María dijo al Ángel: “¿Cómo puede ser eso, si yo no tengo relación con ningún hombre?”
El Ángel le respondió: “El Espíritu Santo descenderá sobre ti y el poder del Altísimo te cubrirá con su sombra. Por eso el niño será Santo y será llamado Hijo de Dios. También tu parienta Isabel concibió un hijo a pesar de su vejez, y la que era considerada estéril, ya se encuentra en su sexto mes, porque no hay nada imposible para Dios”.
María dijo entonces: “Yo soy la servidora del Señor, que se haga en mí según tu Palabra”.
Y el Ángel se alejó.
Palabra del Señor.
Comentario
El pasaje de Lucas 1, 26-38 relata el pasaje bíblico conocido como la Anunciación: el momento en que el arcángel Gabriel es enviado a Nazaret para anunciar a María que concebirá y dará a luz al Hijo de Dios.
Es un texto teológicamente denso y literariamente bellísimo. Se destacan cinco aspectos clave para comprenderlo en profundidad:
1. El contexto y el contraste con Zacarías
El relato está construido en claro paralelismo (y contraste) con el anuncio del nacimiento de Juan el Bautista unos versículos antes (Lucas 1, 5-25):
Lugar: Zacarías recibe el anuncio en el Templo de Jerusalén (el centro religioso); María lo recibe en Nazaret, un pueblo insignificante de Galilea.
Respuesta: Zacarías, siendo sacerdote, duda y pide una señal ("¿Cómo sabré esto?"); María pregunta por el modo ("¿Cómo será esto, pues no conozco varón?"), expresando perplejidad pero no desconfianza.
2. El saludo del ángel: «¡Salve, llena de gracia!»
El saludo del ángel (Chaire, kecharitomene en griego) no es un saludo común:
"Llena de gracia" / "Favorecida": Indica que María ha sido objeto de la iniciativa y de la elección gratuita de Dios antes de realizar cualquier mérito.

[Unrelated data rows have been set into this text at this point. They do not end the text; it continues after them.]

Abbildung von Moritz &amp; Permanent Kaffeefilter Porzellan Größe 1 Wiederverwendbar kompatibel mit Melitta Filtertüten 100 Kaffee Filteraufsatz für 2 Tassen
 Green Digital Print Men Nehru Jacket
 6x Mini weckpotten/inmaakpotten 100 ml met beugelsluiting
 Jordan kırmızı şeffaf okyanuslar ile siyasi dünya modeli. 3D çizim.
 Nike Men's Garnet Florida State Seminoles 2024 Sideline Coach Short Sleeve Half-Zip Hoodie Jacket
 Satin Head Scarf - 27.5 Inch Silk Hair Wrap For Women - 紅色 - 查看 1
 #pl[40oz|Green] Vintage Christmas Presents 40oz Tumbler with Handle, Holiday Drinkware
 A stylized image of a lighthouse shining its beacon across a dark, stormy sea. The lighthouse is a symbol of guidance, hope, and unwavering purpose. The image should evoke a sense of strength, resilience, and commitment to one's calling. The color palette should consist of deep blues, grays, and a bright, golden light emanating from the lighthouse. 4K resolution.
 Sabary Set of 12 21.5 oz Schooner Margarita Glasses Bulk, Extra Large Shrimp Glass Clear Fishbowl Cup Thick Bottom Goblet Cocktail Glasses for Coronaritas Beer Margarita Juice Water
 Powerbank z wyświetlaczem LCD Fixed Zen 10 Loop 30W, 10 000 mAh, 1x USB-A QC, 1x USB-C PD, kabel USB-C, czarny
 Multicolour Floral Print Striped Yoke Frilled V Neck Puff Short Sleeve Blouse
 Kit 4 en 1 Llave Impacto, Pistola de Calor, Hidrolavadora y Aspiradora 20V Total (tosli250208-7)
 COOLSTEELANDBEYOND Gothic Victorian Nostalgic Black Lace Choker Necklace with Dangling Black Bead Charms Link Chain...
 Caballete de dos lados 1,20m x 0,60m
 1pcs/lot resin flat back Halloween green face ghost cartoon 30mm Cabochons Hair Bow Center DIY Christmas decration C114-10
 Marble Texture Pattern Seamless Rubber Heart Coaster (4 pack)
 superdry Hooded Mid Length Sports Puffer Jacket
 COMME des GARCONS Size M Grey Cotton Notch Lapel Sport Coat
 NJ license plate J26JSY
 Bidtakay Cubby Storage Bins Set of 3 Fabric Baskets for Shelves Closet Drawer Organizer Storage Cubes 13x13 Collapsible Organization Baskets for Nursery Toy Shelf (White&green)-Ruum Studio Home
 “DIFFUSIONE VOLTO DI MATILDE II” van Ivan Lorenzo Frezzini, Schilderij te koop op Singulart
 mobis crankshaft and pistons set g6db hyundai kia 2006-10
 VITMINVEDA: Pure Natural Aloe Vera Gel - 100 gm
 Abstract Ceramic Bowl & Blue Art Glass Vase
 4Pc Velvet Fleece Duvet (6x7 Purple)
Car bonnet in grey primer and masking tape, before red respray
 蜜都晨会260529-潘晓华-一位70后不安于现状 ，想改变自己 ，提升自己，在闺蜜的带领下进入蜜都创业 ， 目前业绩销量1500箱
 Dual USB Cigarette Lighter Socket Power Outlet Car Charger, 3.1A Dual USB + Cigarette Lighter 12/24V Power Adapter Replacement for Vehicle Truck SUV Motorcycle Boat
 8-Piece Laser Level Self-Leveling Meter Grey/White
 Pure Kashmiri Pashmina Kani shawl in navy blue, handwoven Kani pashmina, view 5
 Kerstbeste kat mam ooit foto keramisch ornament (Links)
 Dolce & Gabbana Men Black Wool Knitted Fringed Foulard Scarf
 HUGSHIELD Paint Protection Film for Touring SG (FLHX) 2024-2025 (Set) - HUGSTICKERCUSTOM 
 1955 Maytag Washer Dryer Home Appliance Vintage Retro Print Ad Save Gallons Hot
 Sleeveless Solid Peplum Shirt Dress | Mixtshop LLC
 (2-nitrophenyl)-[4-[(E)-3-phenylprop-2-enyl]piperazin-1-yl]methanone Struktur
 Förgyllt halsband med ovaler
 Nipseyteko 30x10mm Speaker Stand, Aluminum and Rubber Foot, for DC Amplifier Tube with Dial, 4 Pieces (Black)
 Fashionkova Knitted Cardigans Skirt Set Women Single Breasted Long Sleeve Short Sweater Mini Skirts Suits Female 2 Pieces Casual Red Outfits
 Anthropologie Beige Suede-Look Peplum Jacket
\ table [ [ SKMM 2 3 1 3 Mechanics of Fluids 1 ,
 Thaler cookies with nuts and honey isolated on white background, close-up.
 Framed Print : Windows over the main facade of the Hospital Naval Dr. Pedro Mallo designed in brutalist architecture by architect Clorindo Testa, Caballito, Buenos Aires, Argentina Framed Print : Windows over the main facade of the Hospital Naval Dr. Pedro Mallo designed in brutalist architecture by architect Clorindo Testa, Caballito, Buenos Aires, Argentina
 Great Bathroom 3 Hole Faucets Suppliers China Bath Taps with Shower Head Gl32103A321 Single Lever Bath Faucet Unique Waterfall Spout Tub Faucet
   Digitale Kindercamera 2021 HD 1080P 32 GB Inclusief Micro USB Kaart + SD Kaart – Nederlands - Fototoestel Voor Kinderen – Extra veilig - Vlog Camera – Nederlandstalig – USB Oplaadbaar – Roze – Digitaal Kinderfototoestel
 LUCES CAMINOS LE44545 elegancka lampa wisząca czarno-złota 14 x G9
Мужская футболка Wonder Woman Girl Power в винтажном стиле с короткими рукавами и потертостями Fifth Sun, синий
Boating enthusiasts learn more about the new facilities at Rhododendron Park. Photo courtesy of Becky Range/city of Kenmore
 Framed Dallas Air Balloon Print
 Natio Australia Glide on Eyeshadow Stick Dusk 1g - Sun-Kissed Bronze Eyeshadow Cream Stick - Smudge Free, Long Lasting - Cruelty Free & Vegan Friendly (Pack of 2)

El turbamiento de María: Su reacción inicial no es de miedo al mensajero, sino de reflexión profunda sobre el significado de semejante saludo.
3. La identidad de Jesús
El ángel define minuciosamente la misión y naturaleza del hijo que nacerá:
Hijo del Altísimo y descendiente de David: Cumple las promesas mesiánicas del Antiguo Testamento (2 Samuel 7).
Reinado eterno: Se establece la naturaleza divina y duradera del Reino de Cristo.
Concepción virginal: Ocurre por la acción del Espíritu Santo («el Poder del Altísimo te cubrirá con su sombra»), haciendo referencia a la nube de la Presencia Divina (Shejiná) que habitaba el Tabernáculo en el Éxodo.
4. La señal no pedida: Isabel
A diferencia de Zacarías, María no pide una señal, pero el ángel se la da de todos modos: su prima Isabel, anciana y estéril, está en el sexto mes de embarazo. Esto refuerza el axioma central del pasaje: «Para Dios nada hay imposible» (v. 37).
5. El Hiat de María: El "Sí" de la fe
El pasaje culmina con la respuesta de María: «He aquí la esclava del Señor; hágase en mí según tu palabra».
No es una aceptación pasiva o resignada, sino un acto libre de fe y entrega (fiat).
Con su "sí", María se convierte en el modelo por excelencia del discípulo en el Evangelio de Lucas: aquel que escucha la Palabra de Dios y la pone en práctica.